-- Exercise requirements --
Your task is to repeat exactly the lines below between the line holding "Drosanthemum hispidum" and the line holding "白色石竹花的花语_日本石竹花白色 花语", inclusive, and only those.

-- Data listing --
+ + + + + + +

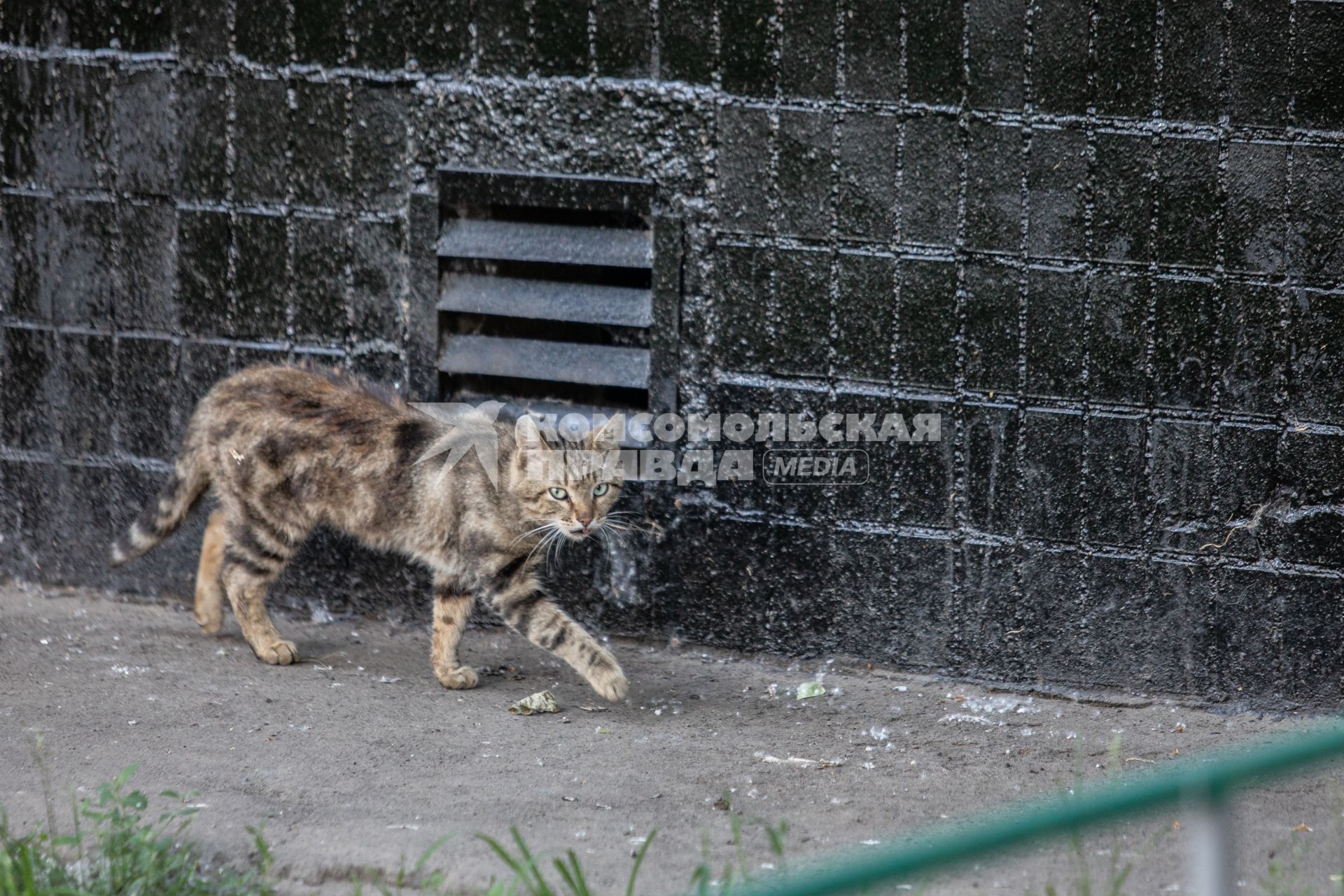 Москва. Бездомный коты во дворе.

+ + + + + + +

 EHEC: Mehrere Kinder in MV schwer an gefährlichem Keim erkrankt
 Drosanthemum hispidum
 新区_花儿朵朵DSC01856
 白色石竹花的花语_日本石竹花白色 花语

+ + + + + + +

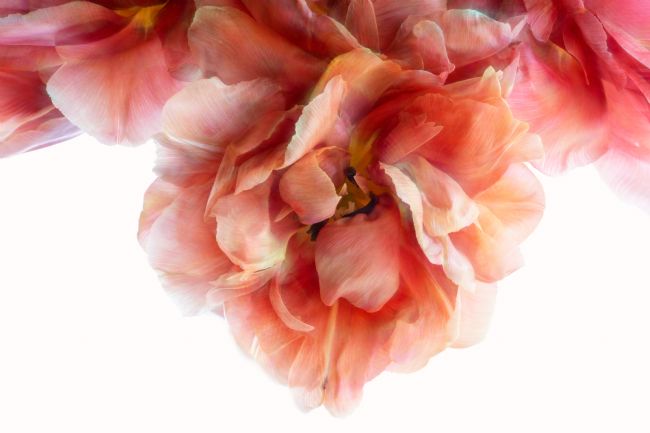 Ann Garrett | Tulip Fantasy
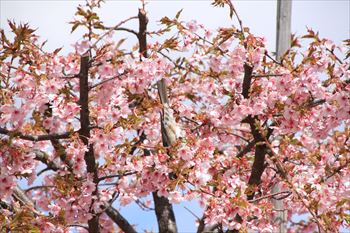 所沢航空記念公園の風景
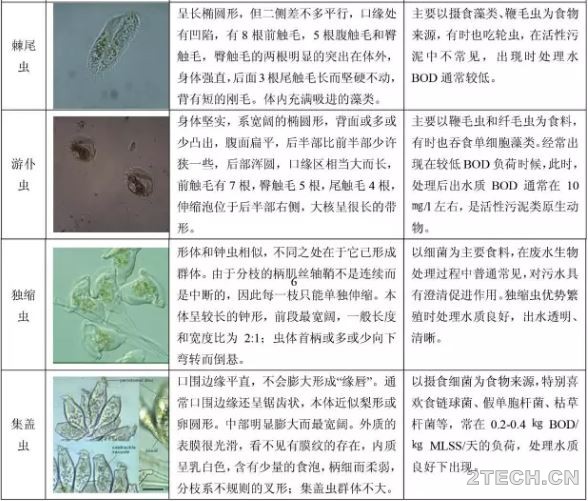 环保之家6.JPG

+ + + + + + +

-- Your response --
 Drosanthemum hispidum
 新区_花儿朵朵DSC01856
 白色石竹花的花语_日本石竹花白色 花语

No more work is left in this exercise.